The dreaded if-elsif-else construct (code)

by deprecated (Priest)
on Nov 17, 2001 at 01:05 UTC ( [id://125918]=perlquestion: print w/replies, xml ) Need Help??

deprecated has asked for the wisdom of the Perl Monks concerning the following question:

Scenario:

I have 36 directories. Inside those 36 directories are some ten thousand additional directories. Inside each of those sub directories are a set of files. These files are regularly named. They reflect information stored elsewhere on the disk. It is my task to take the data in the sub directories and reflect them in our database.

I've been doing this with a copy of a script that the original planner of this system had used to convert the data to html.

The reason I'm looking to change it is a) I didnt write it, and its difficult to work with and b) its a 300-line-long if/elsif/else "loop." In other words, its basically three opendirs, with the last one goes over every file, compares it to a regular expression, and then modifies a corresponding variable. that variable is then stored in the database.

an example:

/data/sprocket_logs/spacely.200 /data/sprocket_logs/cogswell.100 /data/cog_logs/cogswell.1000 /data/cog_logs/astro.1
we could interpret this to mean that spacely has 200 sprockets, and that cogswell has 100 sprockets and 1000 cogs, while astro has 1 cog. However, this is not the only kind of information stored in these directories. for example we might see:
/data/cog_logs/maimed_a_robot
indicating that at one point a cog was responsible for a robot maiming. now I know what all these files are going to look like, and have a regular expression for the particular parsing of each of them. however, this if/elsif/else construct is irritating the heck out of me. It is not the right way to do this.

However, when i started coming up with a solution that was more comprehensive, I came up with this:

my %dispatcher => ( \$quux => [ sub { return 0 unless $_[0] =~ ${$_[1]}; ${$_[3]} =~ s/${$_[1]}/${$_[2]}/; return $_[3]; }, qr{bar}, qq{foo}, ], ); $dispatcher{$key} -> [0] -> ($file, $dispatcher{$key} -> [0] -> [1], $dispatcher{$key} -> [0 +] -> [1]);
What this basically does is, (and note the syntax may be off, it's not yet gone past perl -c) is there is a hash with the variables i want to change. each variable has a corresponding listref value which contains the sub that actually changes its value, and the pattern it needs to match for the change to occur, and what to change it to. so, i think its actually even a little elegant. however, it takes up more space and is less maintainable than the "dreaded" if-elsif-else construct.

There has to be a better way than three hundred lines of if statements.

What have you all done when faced with this situation?

thanks,
brother dep.

--
Laziness, Impatience, Hubris, and Generosity.

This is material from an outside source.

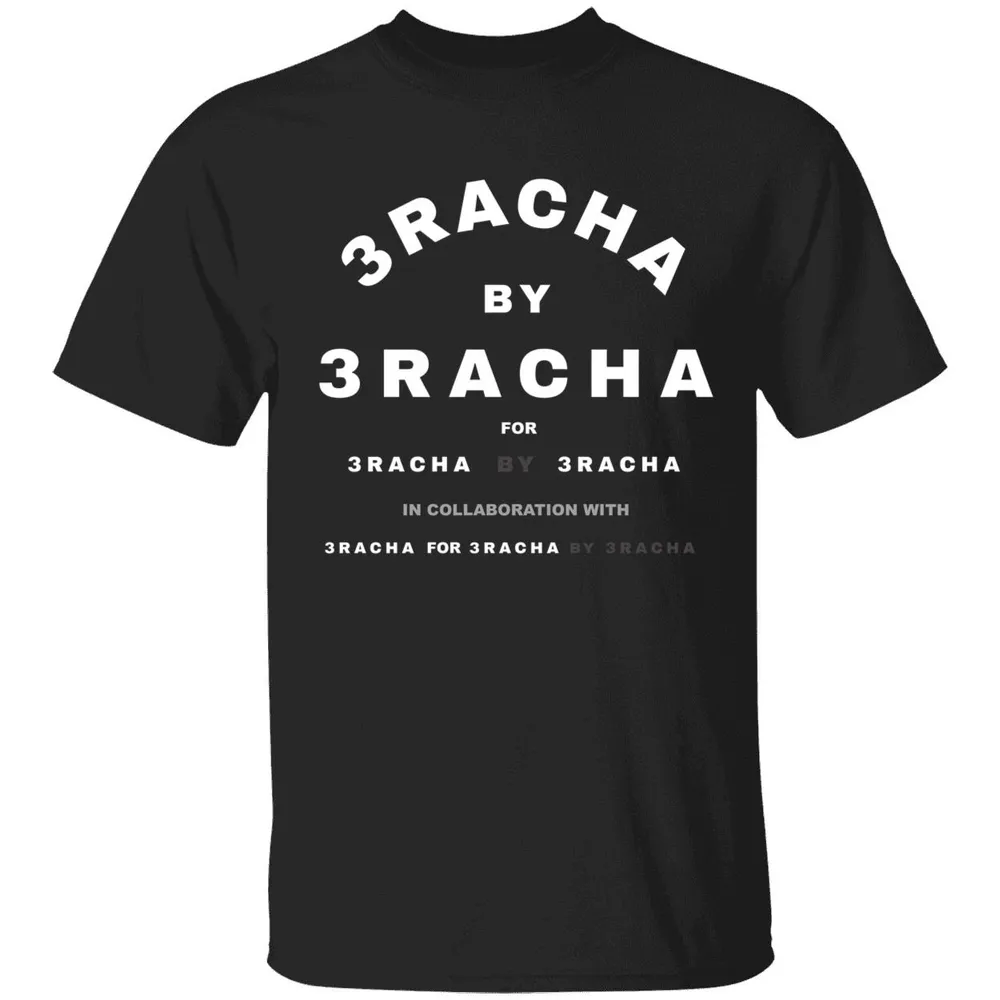 3 Racha By 3 Racha For 3 Racha By 3 Racha In Collaboration Shirt Unisex Standard T-Shirt black s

Replies are listed 'Best First'.
Re: The dreaded if-elsif-else construct (code)
by dws (Chancellor) on Nov 17, 2001 at 01:33 UTC
    This type of data-drive setup can drive a less-skilled maintenance programmer bonkers. I'm moderately skilled at Perl, and it took me several minutes, and most of the fingers on one hand, to puzzle out what you were trying to do.

    Let me suggest an alternate approach. First get rid of the opendir calls by delegating to File::Find.

    use File::Find; find(\&eachfile, "/data/");
    and then structure the callback along the lines of
    sub eachfile { my $path = $File::Find::name; return if -d $path; $path =~ s|^.*/(.+)_logs/|| or return; # or log my $item = $1; if ( $path =~ m|(.+)\.(\d+)$| ) { my($company,$quantity) = ($1,$2); inventory($company, $item, $quantity); return; } # and so on for each remaining case # eventually logging any that you can't handle }
    That's the rough idea, at least -- it needs some cleanup and error handling.

    This would seem to me to be a very easy thing for whoever comes along after you to understand and maintain. The most they would need to understand is File::Find, and that's a low hurdle.

    Granted, this leaves you with the equivalent of a string if/elseif*/else, but it seems easy enough to follow.

      One thing that could extend this approach and possibly eliminate the large quantity of ifs is to templatize the conditional.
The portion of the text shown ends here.